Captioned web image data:

>>>>

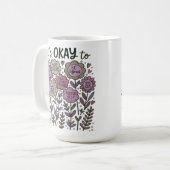 Het is goed voor Boho Floral Koffiemok (Voorkant links)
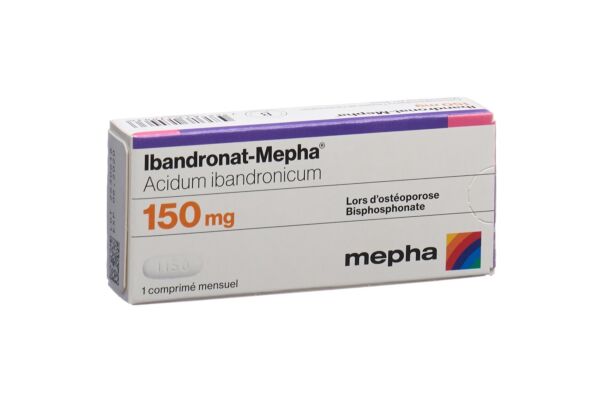 Ibandronat-Mepha 150 mg comprimés mensuels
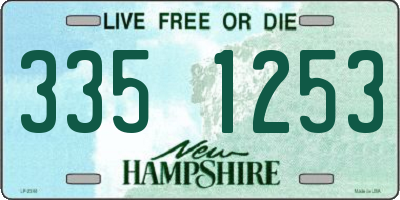NH license plate 3351253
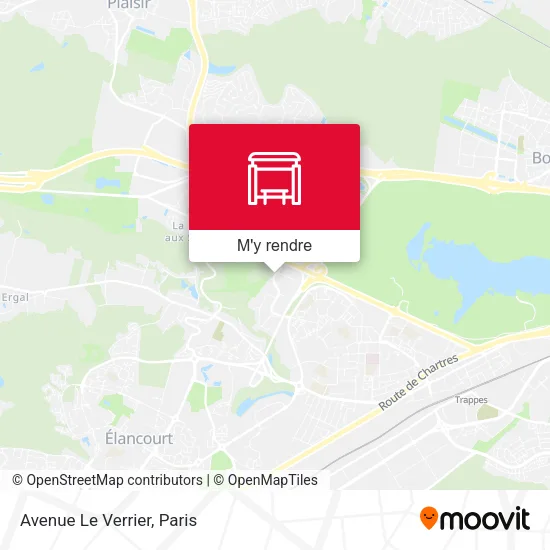 Avenue Le Verrier plan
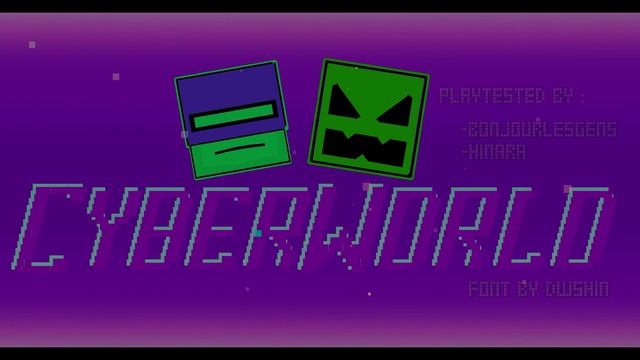 "CyberWorld" by Ficelo and KokonaelGD (Insane 9*) | Geometry Dash смотреть онлайн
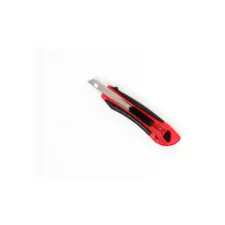 Snijmes IEZZY 9mm kunststof met ergonomische softgrip incl. 3 mesje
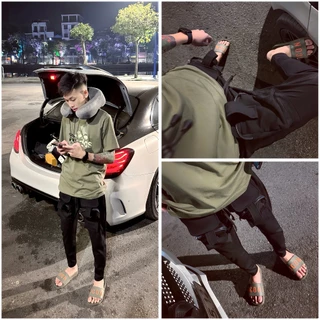 Quần Jogger Siêu Cấp 666 Họa Tiết Khóa Túi Hộp Ống Côn Chất Liệu Umi Phù Hợp Cho Nam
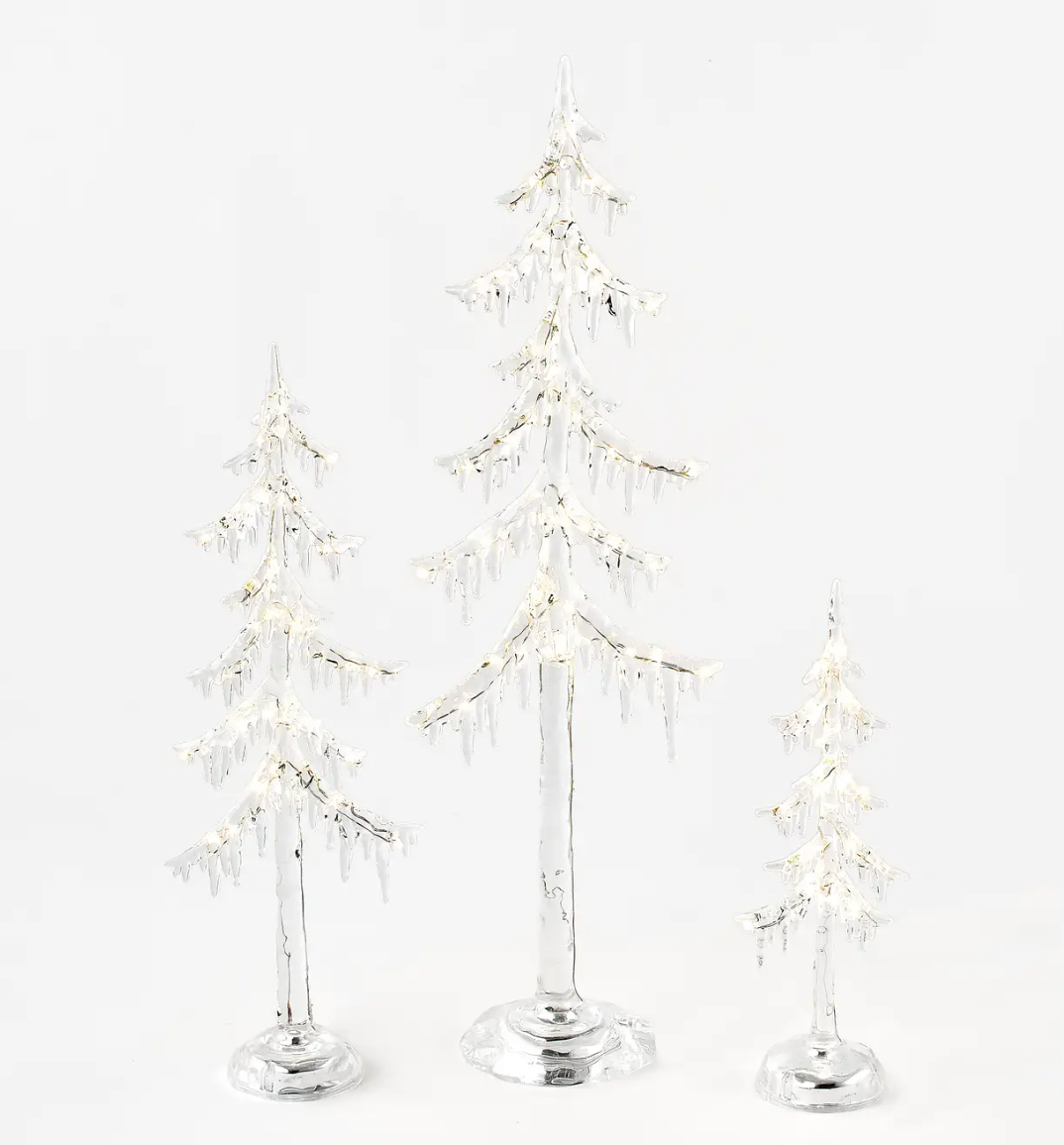 Frosted Icicle Tree with Lights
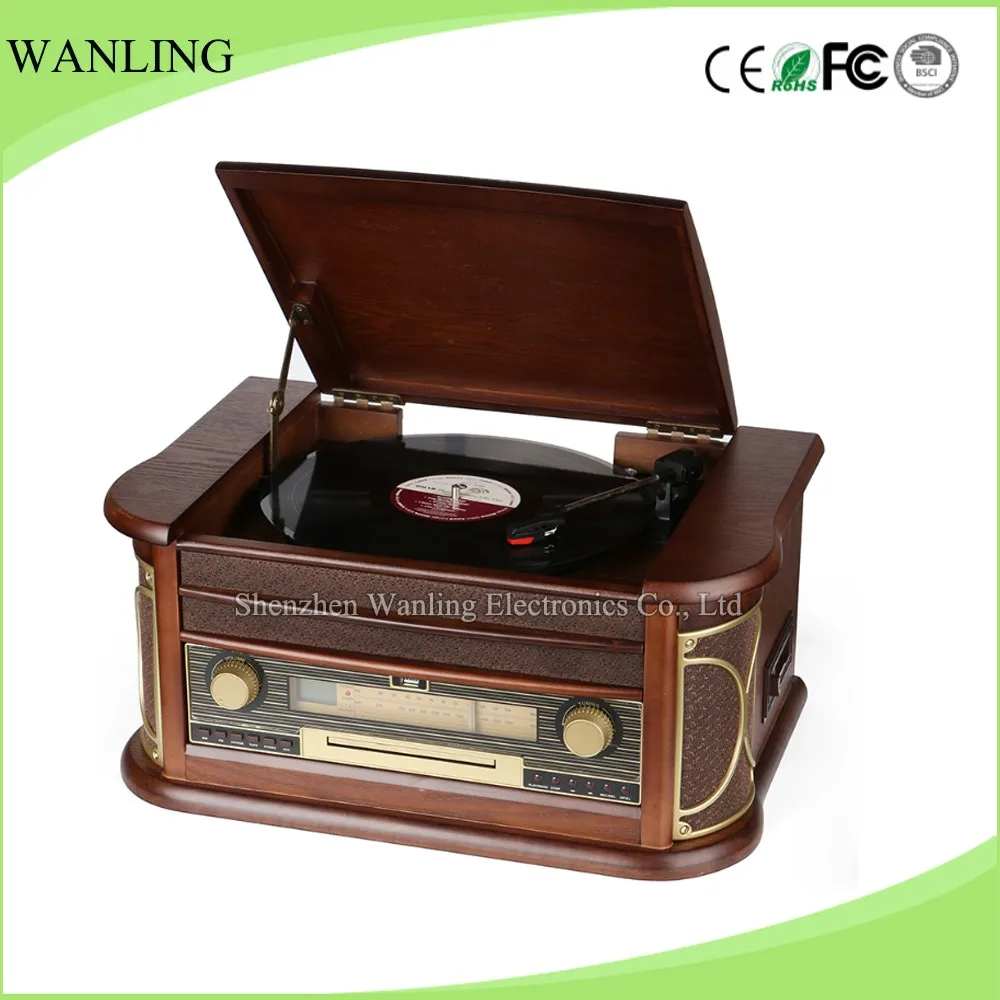  CD Jukebox современный фонограф винтажное радио AM FM записывающее устройство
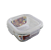 POTE HERMÉTICO DE VIDRO COM TRAVAS QUADRADO 520ML - TOP ÚTIL - Imagem 1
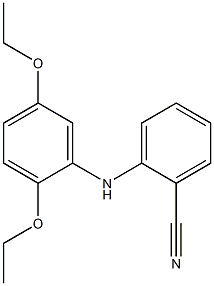2-[(2,5-diethoxyphenyl)amino]benzonitrile 化学構造式
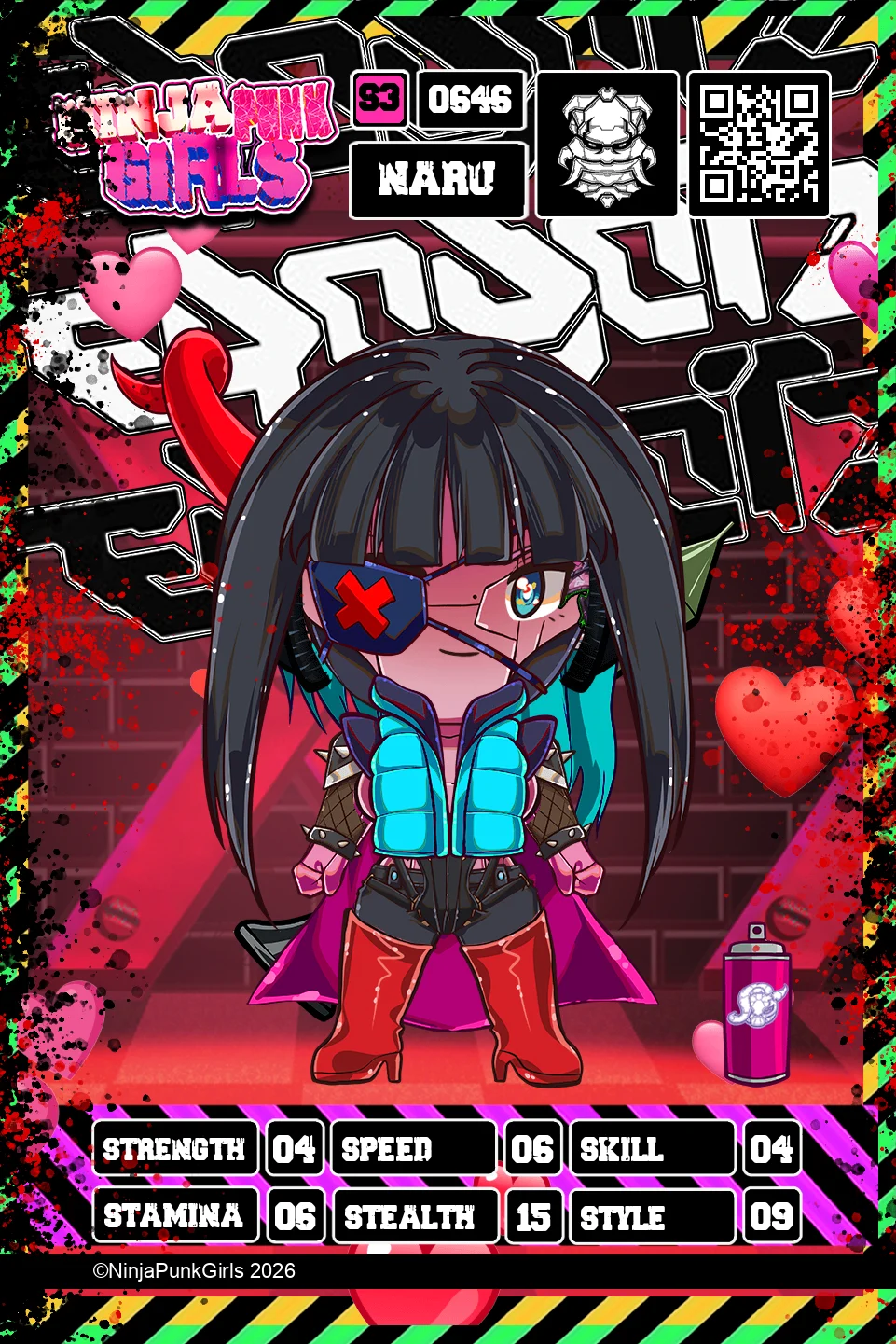Rebuilt card #0646 Naru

<<<<

**WORK REQUIRED:** In the entries above, find the line containing "POTE HERMÉTICO DE"; transcribe exactly that line and every line after it through the end, and only those, omitting pictures.

**OUTPUT:**
 POTE HERMÉTICO DE VIDRO COM TRAVAS QUADRADO 520ML - TOP ÚTIL - Imagem 1
2-[(2,5-diethoxyphenyl)amino]benzonitrile 化学構造式
Rebuilt card #0646 Naru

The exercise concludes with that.